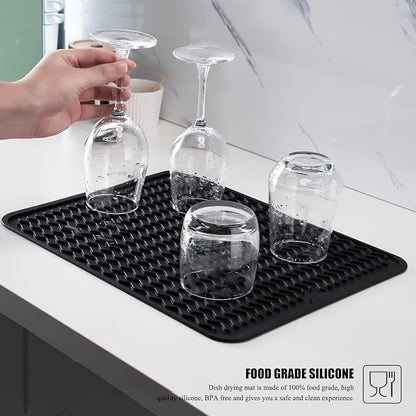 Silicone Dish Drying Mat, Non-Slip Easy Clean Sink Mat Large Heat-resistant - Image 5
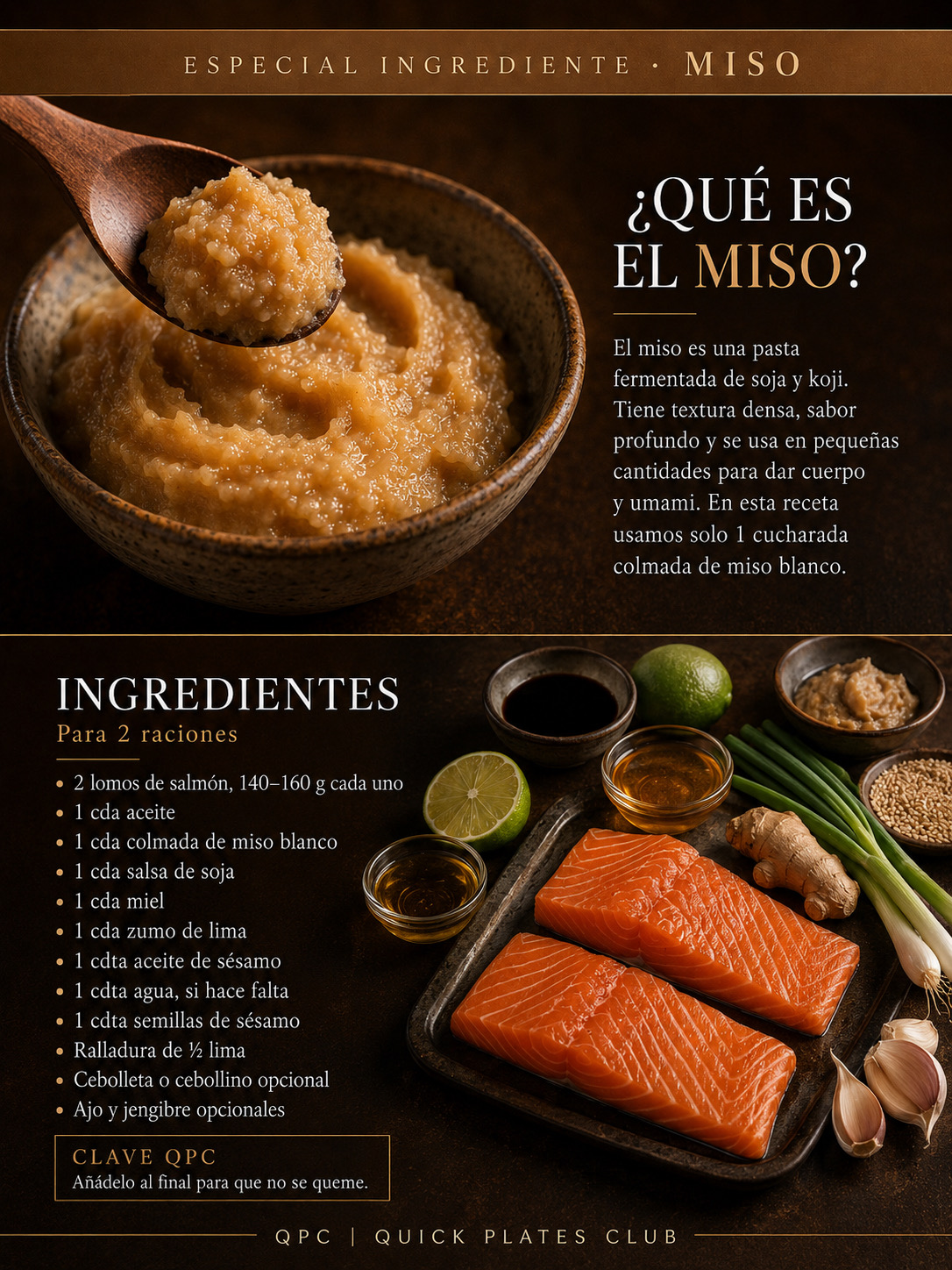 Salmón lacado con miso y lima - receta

====================

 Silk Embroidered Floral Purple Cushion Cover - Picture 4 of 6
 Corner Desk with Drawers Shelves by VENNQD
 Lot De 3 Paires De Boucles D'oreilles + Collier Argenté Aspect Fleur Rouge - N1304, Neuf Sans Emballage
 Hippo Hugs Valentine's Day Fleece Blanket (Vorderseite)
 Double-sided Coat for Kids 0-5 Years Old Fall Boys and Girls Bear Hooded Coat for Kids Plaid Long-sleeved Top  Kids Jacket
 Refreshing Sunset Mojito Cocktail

====================

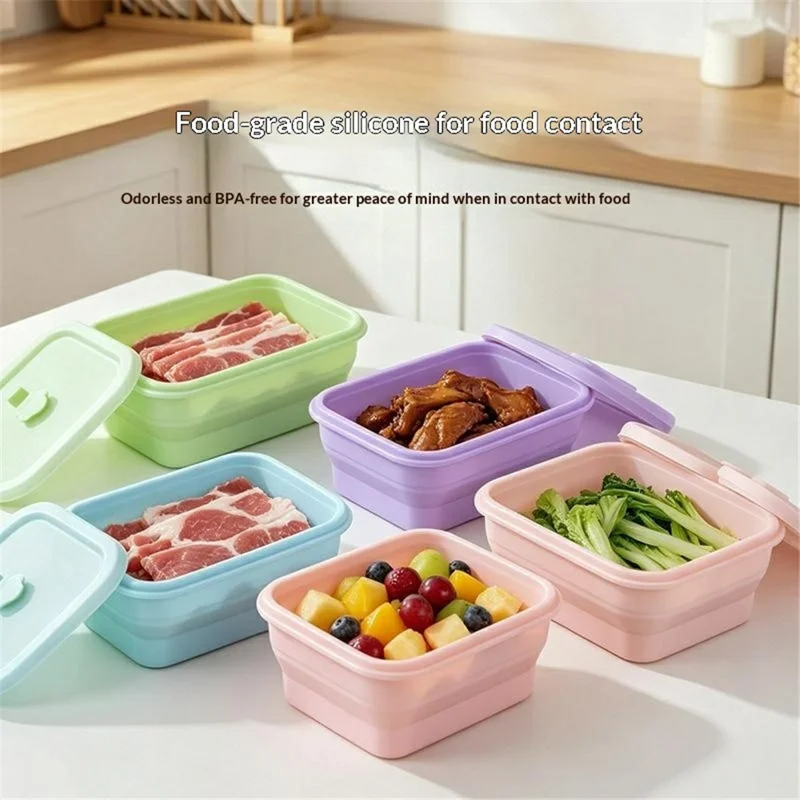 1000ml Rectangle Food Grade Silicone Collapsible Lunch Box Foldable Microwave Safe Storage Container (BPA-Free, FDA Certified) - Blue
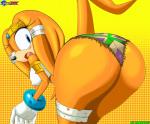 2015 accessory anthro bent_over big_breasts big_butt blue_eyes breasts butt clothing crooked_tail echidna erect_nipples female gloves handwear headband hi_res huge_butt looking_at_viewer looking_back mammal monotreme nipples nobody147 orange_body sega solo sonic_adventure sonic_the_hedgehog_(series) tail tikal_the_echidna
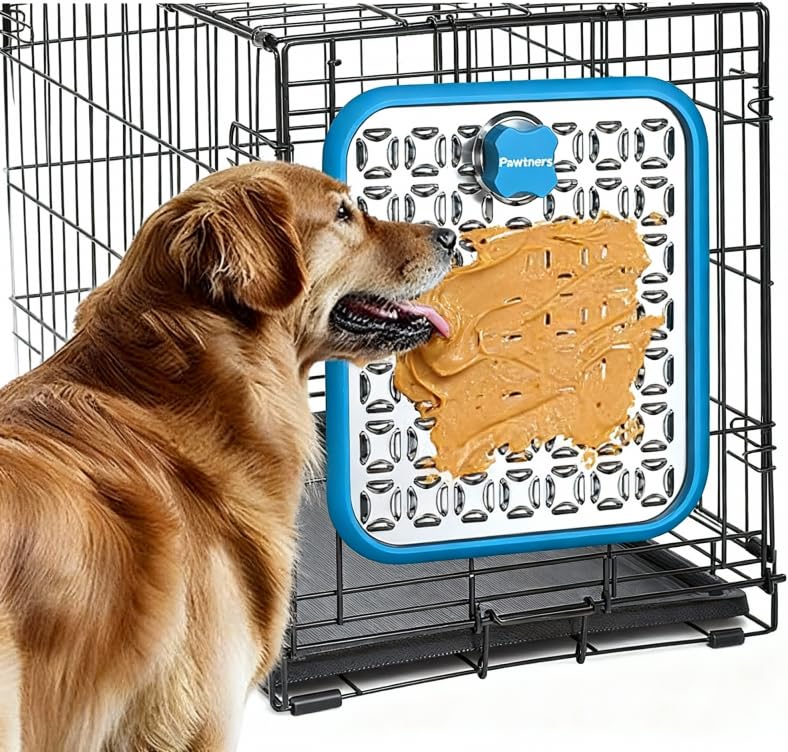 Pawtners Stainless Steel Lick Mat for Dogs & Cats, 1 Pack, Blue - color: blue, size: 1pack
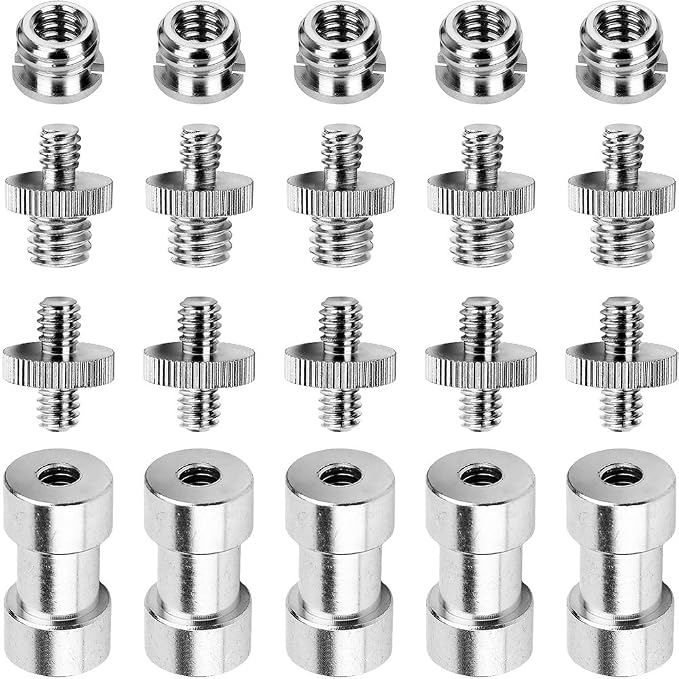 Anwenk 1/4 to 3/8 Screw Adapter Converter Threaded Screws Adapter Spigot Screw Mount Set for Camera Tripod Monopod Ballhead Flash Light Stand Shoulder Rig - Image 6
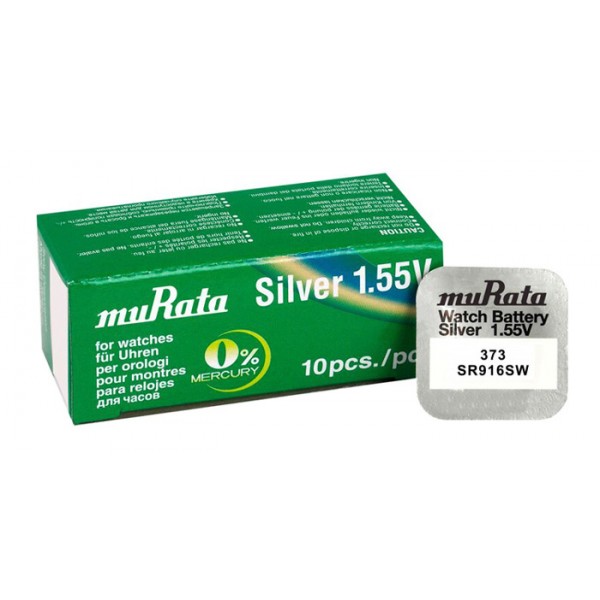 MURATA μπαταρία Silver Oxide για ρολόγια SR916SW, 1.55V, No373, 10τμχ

====================

Required action:
Repeat, word for word, the lines above between the line holding "Silk Embroidered Floral" and the line holding "Refreshing Sunset Mojito Cocktail", inclusive; omit everything else.

Task response:
 Silk Embroidered Floral Purple Cushion Cover - Picture 4 of 6
 Corner Desk with Drawers Shelves by VENNQD
 Lot De 3 Paires De Boucles D'oreilles + Collier Argenté Aspect Fleur Rouge - N1304, Neuf Sans Emballage
 Hippo Hugs Valentine's Day Fleece Blanket (Vorderseite)
 Double-sided Coat for Kids 0-5 Years Old Fall Boys and Girls Bear Hooded Coat for Kids Plaid Long-sleeved Top  Kids Jacket
 Refreshing Sunset Mojito Cocktail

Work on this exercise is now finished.